In an April report on how the CMA is looking into AI foundational models, the CMA said, “Without fair, open, and effective competition and strong consumer protection, underpinned by these principles, we see a real risk that the full potential of organisations or individuals to use AI to innovate and disrupt will not be realised, nor its benefits shared widely across society.
“That is why we have set out the underlying principles that we consider critical to safeguard those conditions. It is essential for competition agencies to work with market participants and other interested stakeholders to shape these positive outcomes.”
SEE: Delaying AI’s Rollout in the U.K. by Five Years Could Cost the Economy £150+ Billion, Microsoft Report Finds
The CMA is looking to identify “relevant merger situation(s)” that allow large tech companies to “shield themselves from competition” in the U.K. It says that “a range of different kinds of transactions and arrangements” could represent a relevant merger with the provisions of the Enterprise Act 2002.

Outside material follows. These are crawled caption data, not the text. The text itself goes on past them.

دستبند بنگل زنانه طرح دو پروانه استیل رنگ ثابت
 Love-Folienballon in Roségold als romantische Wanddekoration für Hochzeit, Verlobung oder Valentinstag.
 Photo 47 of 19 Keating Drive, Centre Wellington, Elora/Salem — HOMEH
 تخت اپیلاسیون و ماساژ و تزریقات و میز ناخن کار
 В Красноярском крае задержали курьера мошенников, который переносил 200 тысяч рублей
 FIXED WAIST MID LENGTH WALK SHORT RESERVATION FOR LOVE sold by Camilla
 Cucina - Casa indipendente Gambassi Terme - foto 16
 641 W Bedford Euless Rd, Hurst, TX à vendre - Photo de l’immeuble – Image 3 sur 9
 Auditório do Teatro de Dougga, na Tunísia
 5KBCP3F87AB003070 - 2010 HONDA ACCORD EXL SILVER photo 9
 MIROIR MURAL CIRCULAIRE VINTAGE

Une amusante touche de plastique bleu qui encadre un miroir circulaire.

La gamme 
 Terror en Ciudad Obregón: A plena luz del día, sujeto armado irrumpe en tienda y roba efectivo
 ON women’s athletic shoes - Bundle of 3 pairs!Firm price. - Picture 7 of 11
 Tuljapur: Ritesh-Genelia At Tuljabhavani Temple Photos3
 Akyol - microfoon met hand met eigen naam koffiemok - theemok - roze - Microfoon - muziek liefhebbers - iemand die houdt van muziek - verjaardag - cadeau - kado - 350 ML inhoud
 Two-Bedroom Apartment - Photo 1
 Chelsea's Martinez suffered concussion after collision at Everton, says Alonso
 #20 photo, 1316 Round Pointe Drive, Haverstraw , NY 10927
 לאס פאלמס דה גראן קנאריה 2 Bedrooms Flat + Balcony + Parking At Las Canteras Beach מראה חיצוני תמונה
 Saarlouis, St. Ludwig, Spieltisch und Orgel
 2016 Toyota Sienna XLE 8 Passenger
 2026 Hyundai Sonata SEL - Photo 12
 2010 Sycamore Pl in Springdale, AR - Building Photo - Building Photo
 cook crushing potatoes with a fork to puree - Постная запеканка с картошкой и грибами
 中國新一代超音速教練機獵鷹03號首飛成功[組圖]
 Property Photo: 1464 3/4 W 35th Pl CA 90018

The Digital Markets, Competition, and Consumers Bill that was passed in May also “anticipates new powers for the CMA.” According to the April report, the CMA can “enforce consumer protection law against infringing firms” and apply non-compliance penalties of up to 10% of a firm’s worldwide turnover.
“We are ready to use these new powers to raise standards in the market and, if necessary, to tackle firms that do not play by the rules through enforcement action,” it said.
Furthermore, in July, the CMA released a joint statement with the European Commission, U.S. Department of Justice, and U.S. Federal Trade Commission, where they committed to studying whether the AI industry allows for sufficient competition.